*DATASET*
----------

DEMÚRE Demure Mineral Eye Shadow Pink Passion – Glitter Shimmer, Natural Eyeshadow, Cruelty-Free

----------

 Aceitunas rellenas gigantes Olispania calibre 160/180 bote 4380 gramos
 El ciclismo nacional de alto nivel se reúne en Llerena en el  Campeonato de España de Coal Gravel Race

----------

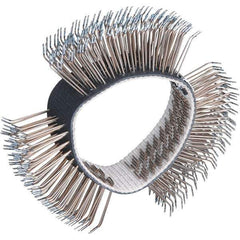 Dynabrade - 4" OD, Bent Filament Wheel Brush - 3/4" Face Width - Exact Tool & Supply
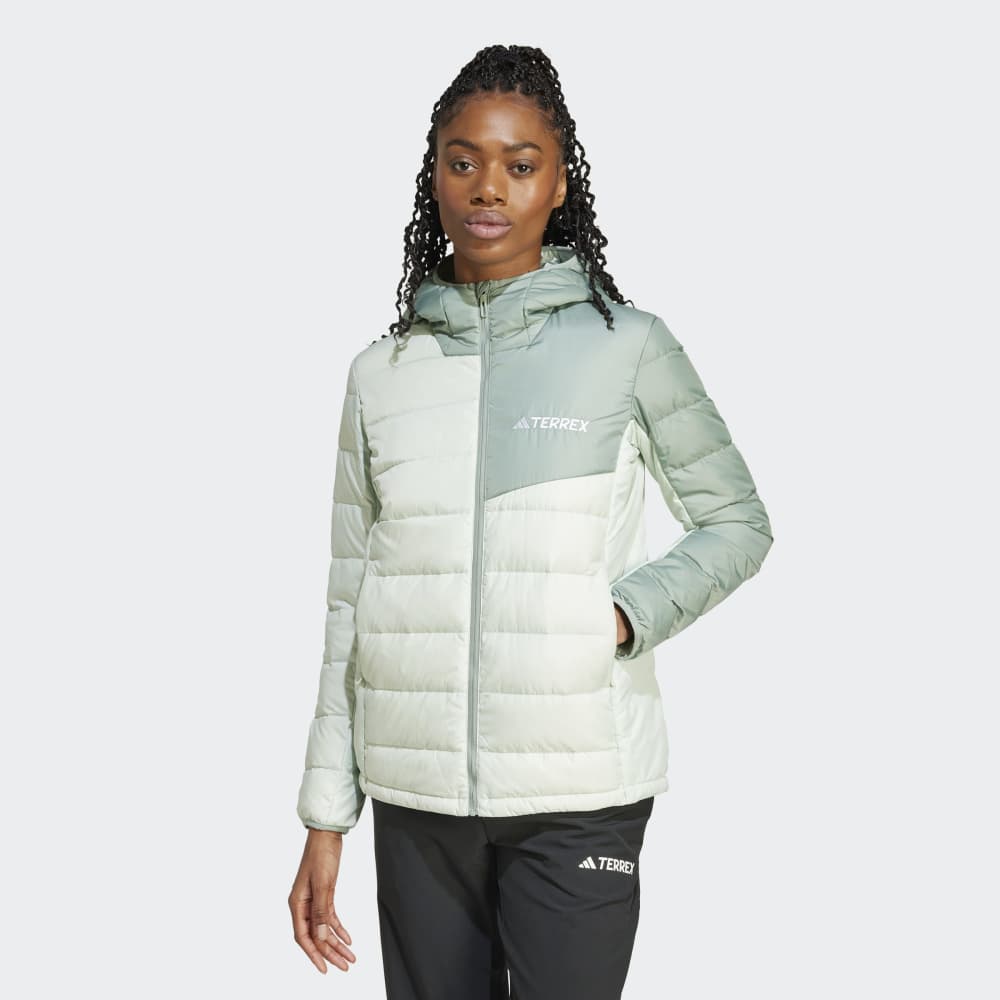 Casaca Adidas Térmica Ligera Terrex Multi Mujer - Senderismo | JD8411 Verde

----------

Among the lines above, the one with "Tool & Supply" opens the part to repeat and the one with "Casaca Adidas Térmica" closes it; repeat only that part exactly, with no pictures.

*YOUR RESPONSE*
 Dynabrade - 4" OD, Bent Filament Wheel Brush - 3/4" Face Width - Exact Tool & Supply
 Casaca Adidas Térmica Ligera Terrex Multi Mujer - Senderismo | JD8411 Verde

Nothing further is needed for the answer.